TO DO: The word "Floral" may appear in the records below. Report how many lines contain it, and write nothing besides the number.

[MATERIALS PROVIDED]

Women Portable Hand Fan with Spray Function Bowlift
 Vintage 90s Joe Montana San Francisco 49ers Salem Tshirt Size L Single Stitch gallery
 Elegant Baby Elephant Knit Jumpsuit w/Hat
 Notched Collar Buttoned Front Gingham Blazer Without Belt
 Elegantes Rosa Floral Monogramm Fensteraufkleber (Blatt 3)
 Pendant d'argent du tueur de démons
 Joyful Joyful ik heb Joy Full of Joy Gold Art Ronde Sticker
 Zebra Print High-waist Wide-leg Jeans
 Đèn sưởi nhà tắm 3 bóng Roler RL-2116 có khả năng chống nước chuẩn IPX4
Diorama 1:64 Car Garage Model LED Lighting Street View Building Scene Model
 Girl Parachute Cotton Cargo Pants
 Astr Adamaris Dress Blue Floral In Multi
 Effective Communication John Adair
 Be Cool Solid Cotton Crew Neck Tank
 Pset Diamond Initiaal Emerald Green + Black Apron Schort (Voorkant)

[/MATERIALS PROVIDED]

RESULT: 2